WHAT YOU HAVE TO DO: In the records that follow, find the line with "ജയശങ്കർ പേര് പരാമർശിച്ചില്ല;"; from there, retype every line exactly through the line with "18‑Keys 2.4G Wireless", which also belongs to the answer.

ENTRIES PROVIDED:
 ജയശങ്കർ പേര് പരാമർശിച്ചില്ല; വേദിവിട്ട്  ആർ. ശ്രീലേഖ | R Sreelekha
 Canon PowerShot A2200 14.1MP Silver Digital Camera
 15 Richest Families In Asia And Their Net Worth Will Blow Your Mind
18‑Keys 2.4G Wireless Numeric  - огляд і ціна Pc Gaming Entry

* * *

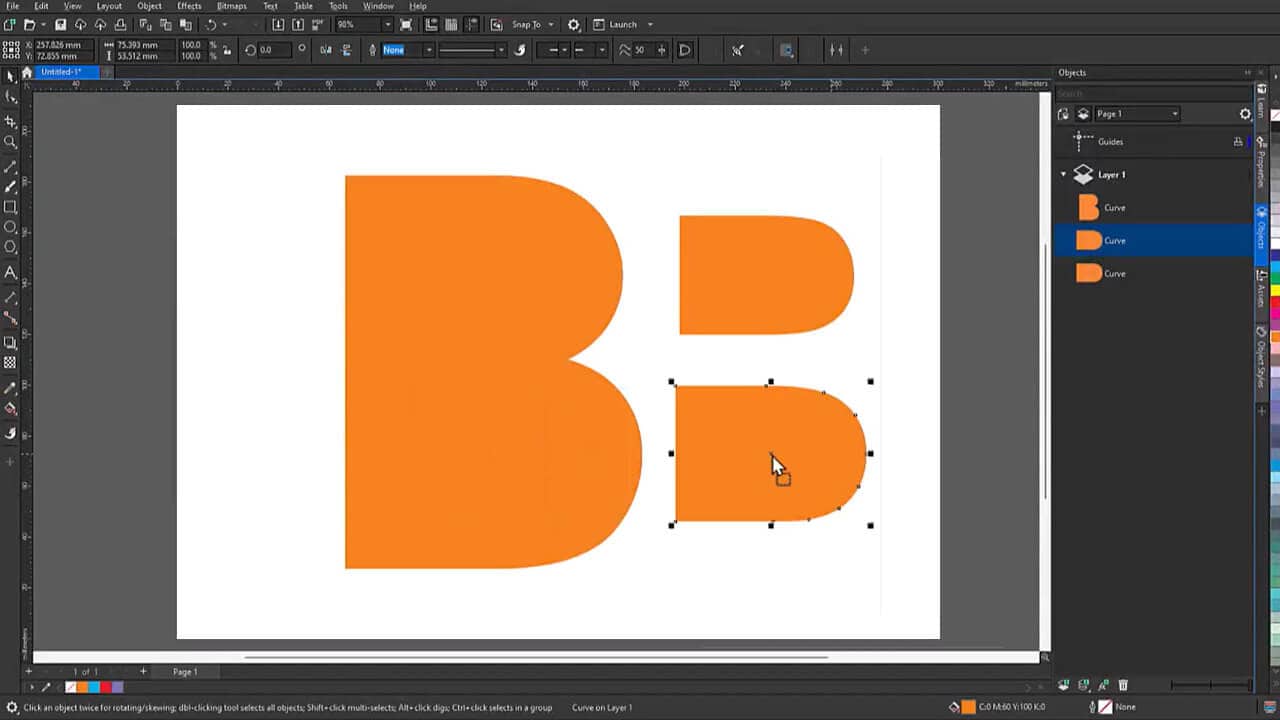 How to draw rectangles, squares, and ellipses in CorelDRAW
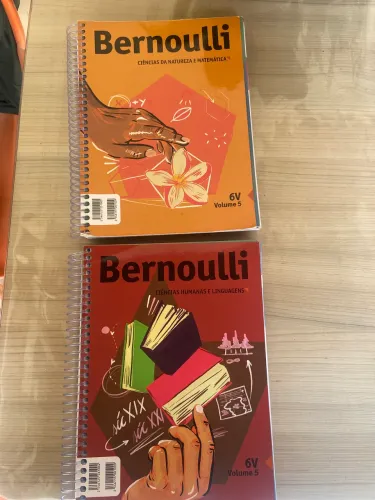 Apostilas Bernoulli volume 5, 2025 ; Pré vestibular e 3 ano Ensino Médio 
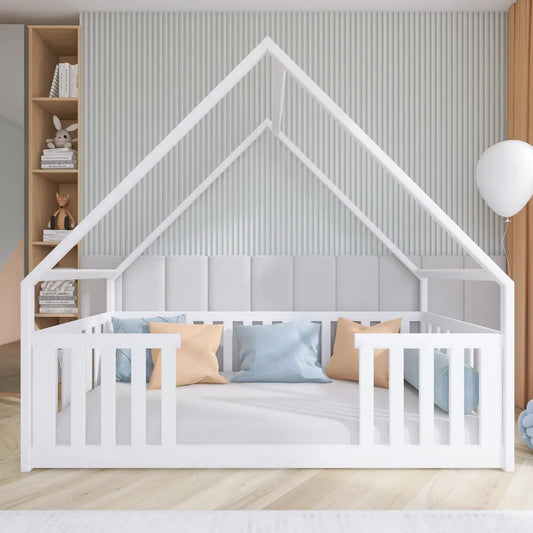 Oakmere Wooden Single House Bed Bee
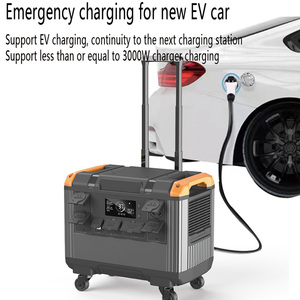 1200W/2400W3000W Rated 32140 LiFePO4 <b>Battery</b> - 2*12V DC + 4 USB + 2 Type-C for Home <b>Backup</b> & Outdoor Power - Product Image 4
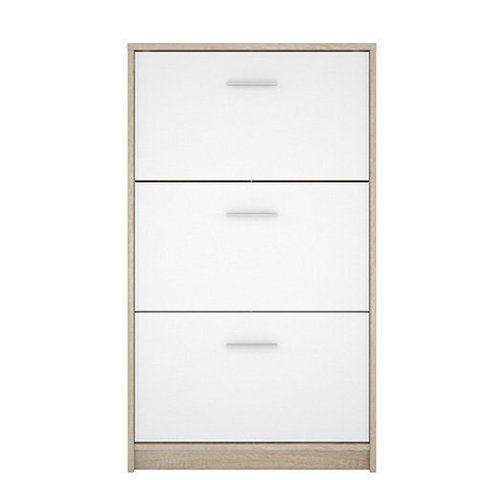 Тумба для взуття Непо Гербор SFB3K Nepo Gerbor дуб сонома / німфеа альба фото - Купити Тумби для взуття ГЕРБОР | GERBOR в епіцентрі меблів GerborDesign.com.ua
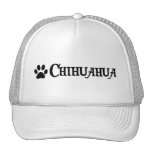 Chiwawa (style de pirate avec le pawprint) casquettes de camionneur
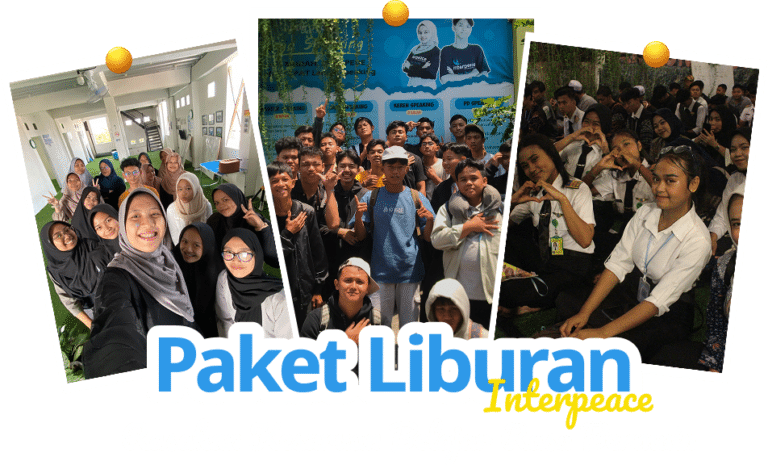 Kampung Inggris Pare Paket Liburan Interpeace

EXERCISE ANSWER:
 ജയശങ്കർ പേര് പരാമർശിച്ചില്ല; വേദിവിട്ട്  ആർ. ശ്രീലേഖ | R Sreelekha
 Canon PowerShot A2200 14.1MP Silver Digital Camera
 15 Richest Families In Asia And Their Net Worth Will Blow Your Mind
18‑Keys 2.4G Wireless Numeric  - огляд і ціна Pc Gaming Entry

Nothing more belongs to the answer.